Now, I accept that this is a weird outcome. I accept that courts will strain themselves to find a way to allow a newspaper to have a defence of honest opinion for its editorials.

The best I can come up with is that the paper will argue that it falls into the first category above. That is: the paper is the author of the editorial. It will put its editor on the stand, or the head of the editorial board, and that person will speak for the paper and say “this is the paper’s genuine opinion.”

Like I say, that’s the best I can do. But it’s pretty problematic. Because it involves treating the paper as the “author”, and this interpretation is directly contradicted in the very next subsection of the Defamation Act. That’s the one that distinguishes between defendants who are the author, and defendants that hire someone else to be the author. And that seems to be precisely what’s happening with the editorial.

As far as I know, my theory is entirely untested. No one has raised it in the courts. But if someone were to try, the result might give a bunch of newspapers a fright.

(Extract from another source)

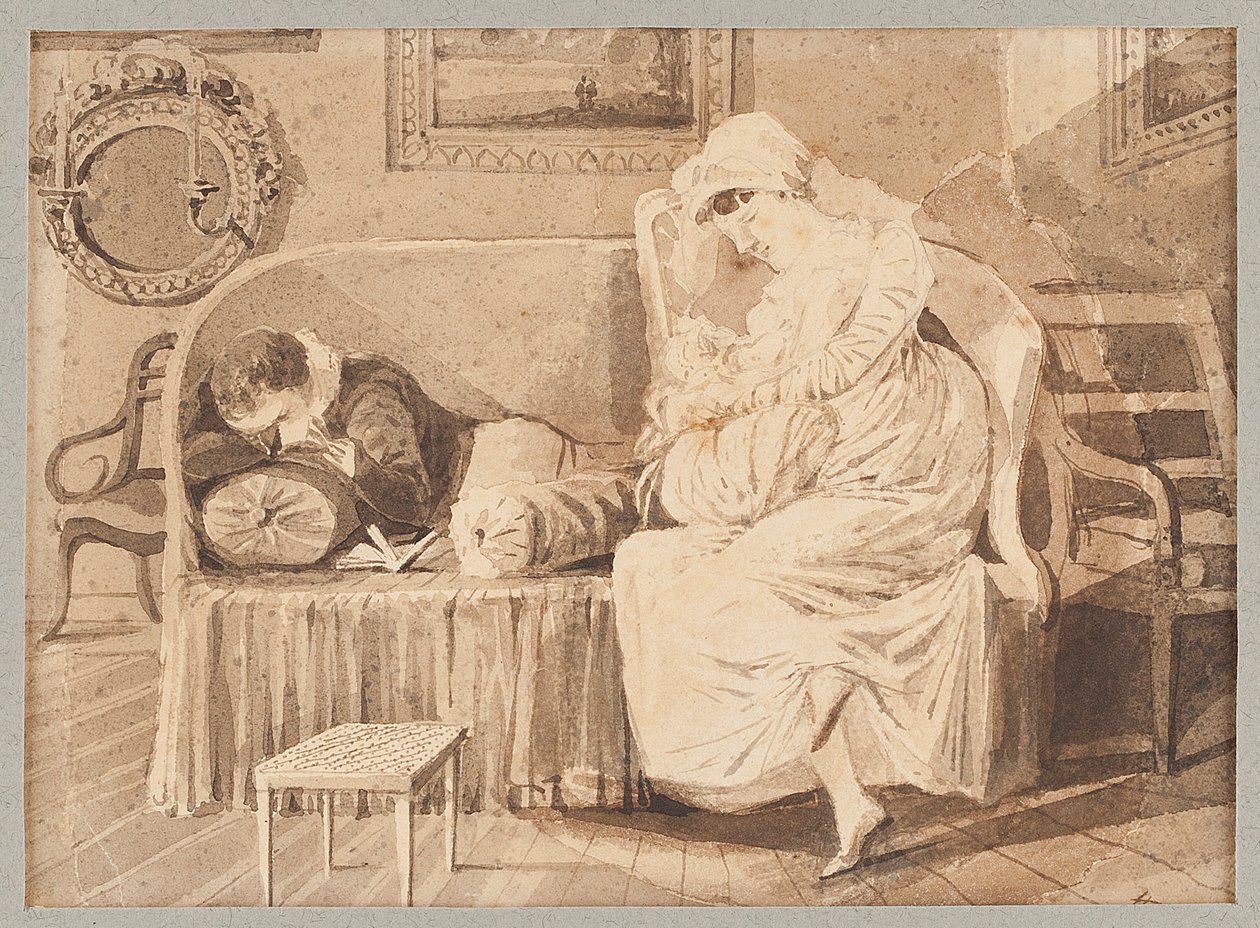 Tres en un sofá, 1805 de John Harden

Topics: Defamation | 54 Comments »

54 Responses to “Editorials undefended against defamation suits?”

  1. Andrew Easterbrook Says:
    October 9th, 2013 at 10:23 am

    I like this. I shall make a note and use it one day.

  2. Julian Miles Says:
    October 10th, 2013 at 5:48 pm

    Yr analysis is unimpeachable.But no court wd adopt it.
    Editorials are quintessentially opinions but opinions of the paper.
    I think a court wd adopt yr suggestion that s 10(2) wd not apply as the editorial is effectively written or authorized by the defendant proprietor.
    While the section has it’s linguistic imperfections it is quite clear what it’s intended to cover….letters and opinion pieces published by the paper that clearly reflect the authors views rather than the paper.
    Judges strive to construe statutes rationally if its at all possible and I think it is possible in this case

  3. Graeme Edgeler Says:
    October 14th, 2013 at 9:45 am

    If a newspaper publishes a defamatory editorial, and someone sues on it, whom do they name as defendant?

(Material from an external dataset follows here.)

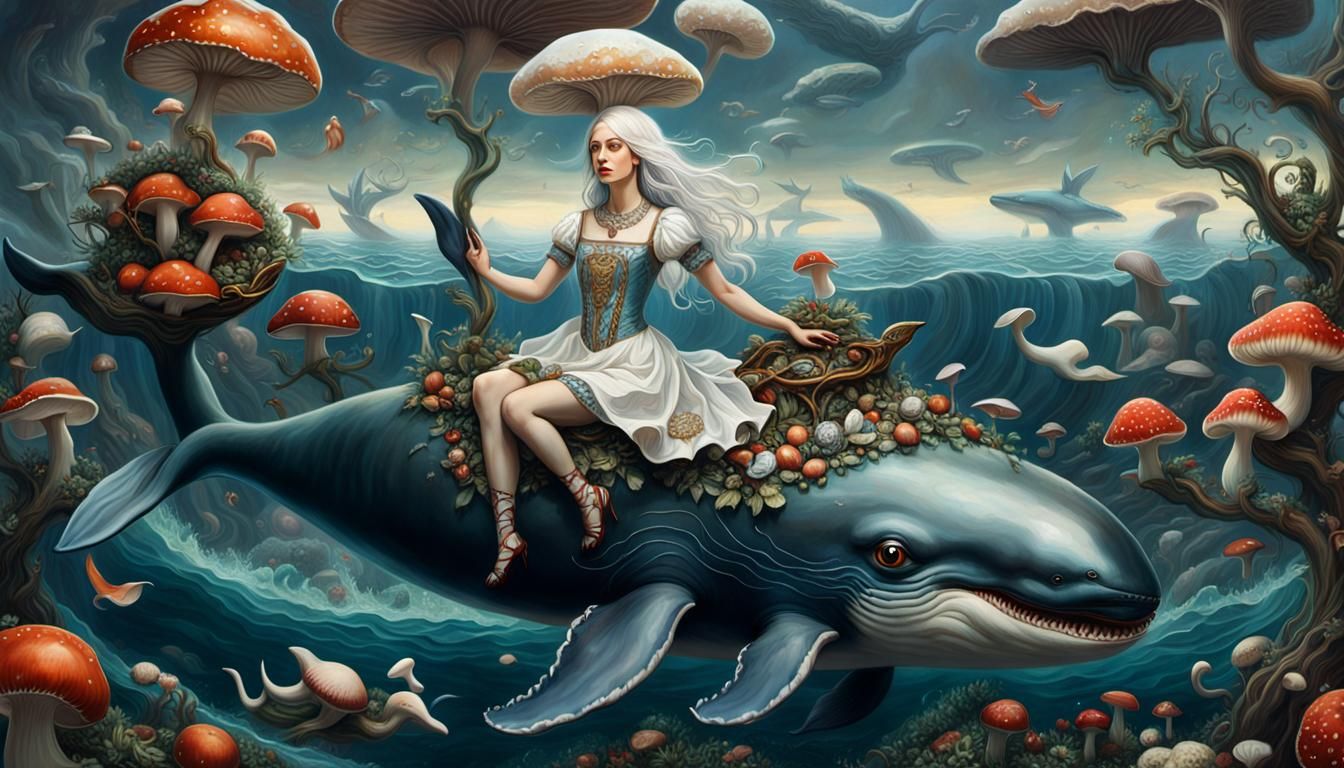 Woman Rides Whale in Surrealist Dreamscape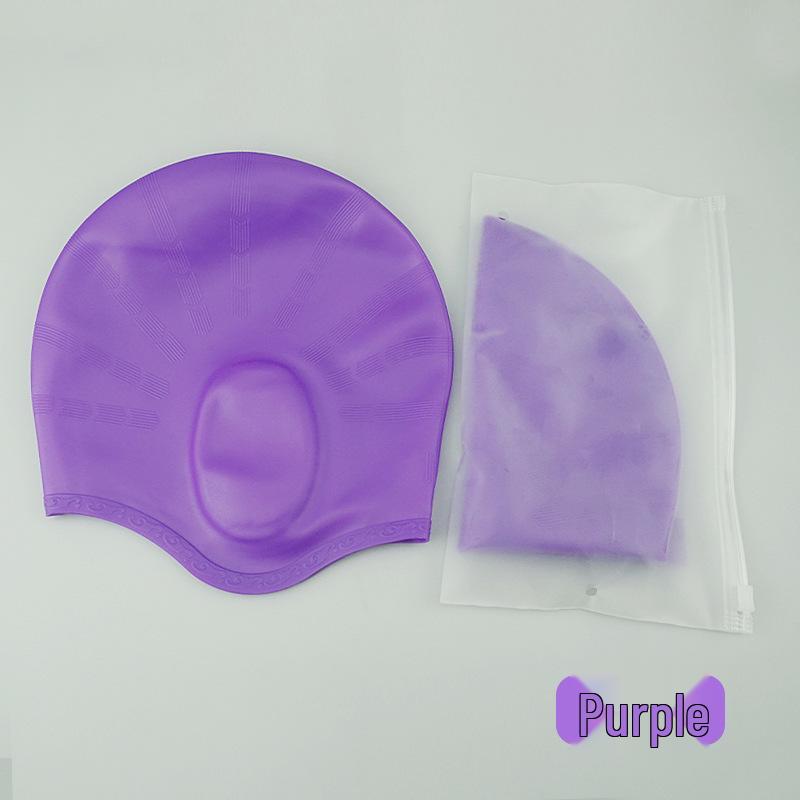 Long Hair Waterproof Silicone Swim Cap with Ear Protection for Men & Women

    If it’s the DominionPost or the Press, they name Fairfax. If it’s the New Zealand Herald, they name APN. Fairfax and APN will be capable of proving that an opinion in an editorial in one of their papers does not purport to be their opinion.

  4. Graeme Edgeler Says:
    October 14th, 2013 at 10:03 am

    And if someone did sue a newspaper directly, why do believe that the newspaper would not be considered to be the author of the editorial?

  5. Steven Says:
    October 14th, 2013 at 11:45 am

    Graeme comment 4: I thought I had explained this in my post. It is hard for a publisher to argue that it is the “author” when the section shows that Parliament has in mind a distinction between the author as publisher and a situation where the author is the employee of the publisher.

    Graeme comment 3: this seems a much better point. But it doesn’t seem to apply to independent papers. And I’m not entirely sure that opinions published by a company under one of its mastheads does not purport to be that company’s opinion. Finally, it wouldn’t stop you suing the editor (in situations where an employee has written the editorial, the same problem is there).

  6. Graeme Edgeler Says:
    October 14th, 2013 at 12:32 pm

    i certainly thought 3 seemed my better point, 4 was more an afterthought, after reading Julian Miles’s comment. I think it’s possible that that is the means by which a court would avoid this were it to ever come up.

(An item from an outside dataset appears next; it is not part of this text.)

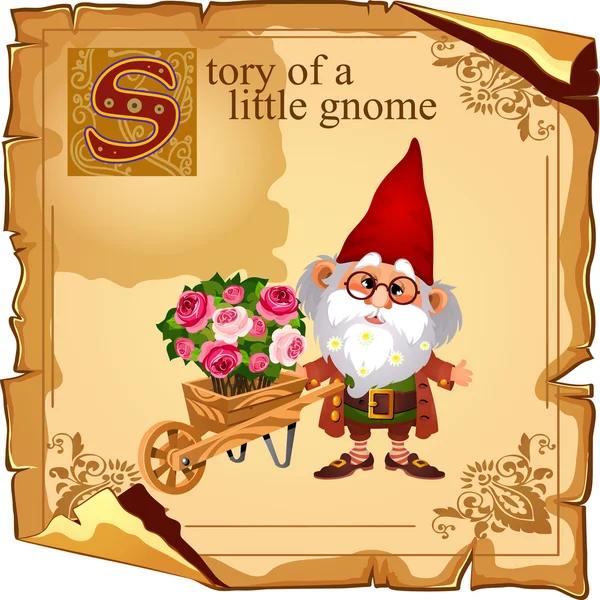 Wizard gnome kweker met bloem boeketten — Stockvector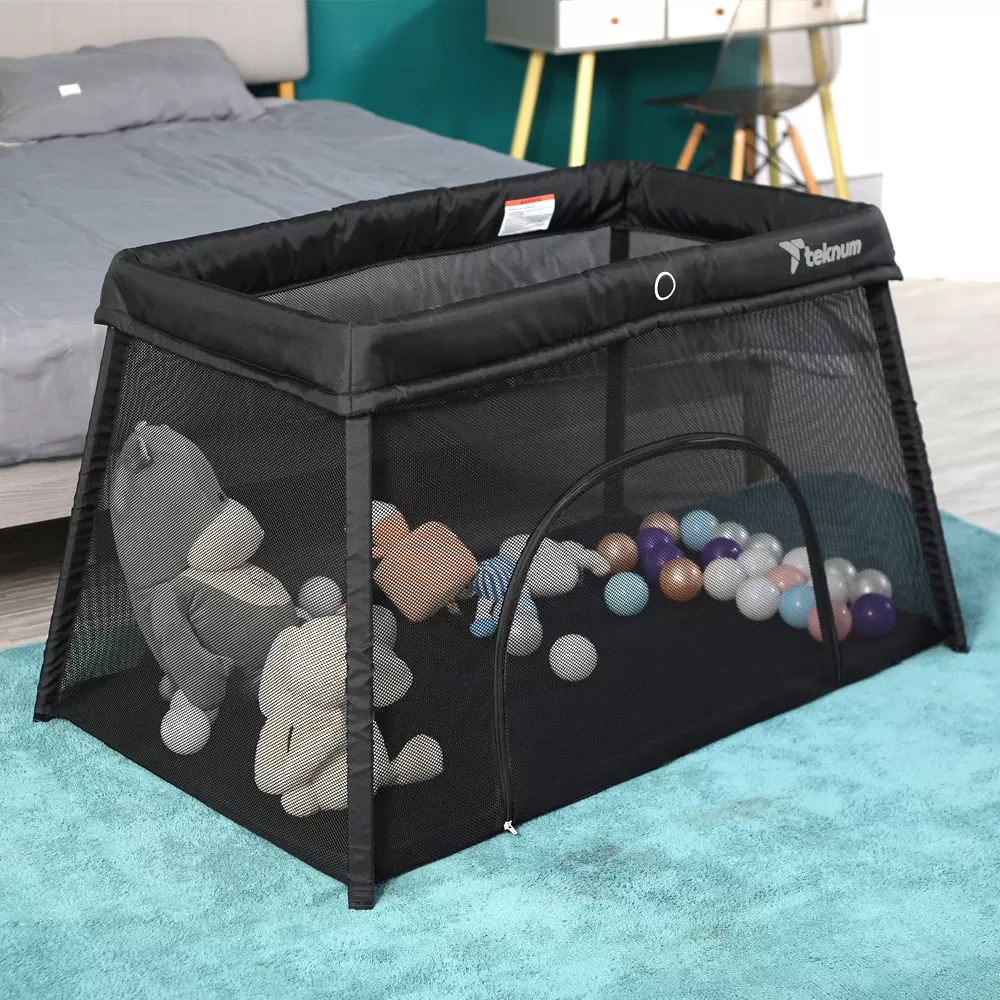 TEKNUM Portable Quick fold Playard &amp; Cot with Zipper Door &amp; Carry Bag - Midnight Black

    Does your argument apply to other material not written by people who than appear to be the author: a letter drafted by a staffer, which is then signed by a Minister of the Crown, for example? I would consider the Minister to be the author, but do you disagree?

    As to 3, I like to think that editorial independence means something, such that the views of the editorial staff of a paper are not presumed to be sheeted home to their owners, even in respect of independent papers. But this certainly seems like it would be the case for a larger stable of publications – editorials across Fairfax publications don’t always agree with each other, let alone with their owners!

    In respect of suing the editor instead, I guess I fall back on 4. The draft may have been prepared by someone else, but it’s signed off by the editor, who thereby becomes an author (or a co-author).